§ **EXERCISE**
Look through the data below and output, unchanged, every line from the one holding "A fun gift idea for a music teacher friend!" through the one holding "画像7: Cutie Purple Bunny", inclusive. Skip the pictures.
GIVEN INFORMATION START
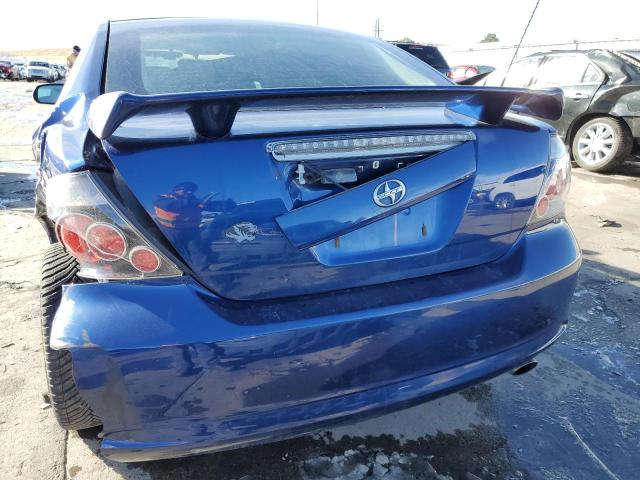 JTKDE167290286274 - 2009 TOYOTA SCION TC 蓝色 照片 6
GIVEN INFORMATION END
GIVEN INFORMATION START
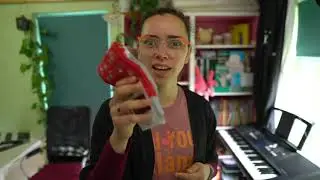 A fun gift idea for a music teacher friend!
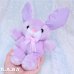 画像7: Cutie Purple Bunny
GIVEN INFORMATION END
§ **ANSWER TO THE EXERCISE**
 A fun gift idea for a music teacher friend!
 画像7: Cutie Purple Bunny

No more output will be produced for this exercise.